*** Begin section ***

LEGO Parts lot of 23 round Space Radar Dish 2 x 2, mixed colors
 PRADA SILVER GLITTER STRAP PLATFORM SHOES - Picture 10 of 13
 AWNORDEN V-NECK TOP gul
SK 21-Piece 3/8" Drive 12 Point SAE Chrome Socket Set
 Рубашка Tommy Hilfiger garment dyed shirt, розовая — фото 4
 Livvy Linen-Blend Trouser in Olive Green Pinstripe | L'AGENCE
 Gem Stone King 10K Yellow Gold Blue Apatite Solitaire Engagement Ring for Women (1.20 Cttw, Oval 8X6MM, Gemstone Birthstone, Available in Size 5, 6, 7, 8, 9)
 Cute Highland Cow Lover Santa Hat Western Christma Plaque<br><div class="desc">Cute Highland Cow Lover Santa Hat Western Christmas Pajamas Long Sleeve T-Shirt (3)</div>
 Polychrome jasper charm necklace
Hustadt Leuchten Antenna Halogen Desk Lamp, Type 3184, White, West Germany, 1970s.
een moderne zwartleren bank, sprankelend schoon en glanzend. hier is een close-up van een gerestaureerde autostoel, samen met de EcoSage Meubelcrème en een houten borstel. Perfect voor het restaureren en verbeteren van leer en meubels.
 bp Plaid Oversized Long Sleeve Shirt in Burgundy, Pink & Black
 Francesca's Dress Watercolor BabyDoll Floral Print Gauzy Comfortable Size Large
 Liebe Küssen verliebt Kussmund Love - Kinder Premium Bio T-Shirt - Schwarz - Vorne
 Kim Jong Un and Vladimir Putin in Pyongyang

*** End section ***

:: Work request ::
Only one stretch of the entries above is wanted: the lines from the one containing "AWNORDEN V-NECK TOP gul" through the one containing "Livvy Linen-Blend Trouser". Please reproduce it exactly.

:: Answer space ::
 AWNORDEN V-NECK TOP gul
SK 21-Piece 3/8" Drive 12 Point SAE Chrome Socket Set
 Рубашка Tommy Hilfiger garment dyed shirt, розовая — фото 4
 Livvy Linen-Blend Trouser in Olive Green Pinstripe | L'AGENCE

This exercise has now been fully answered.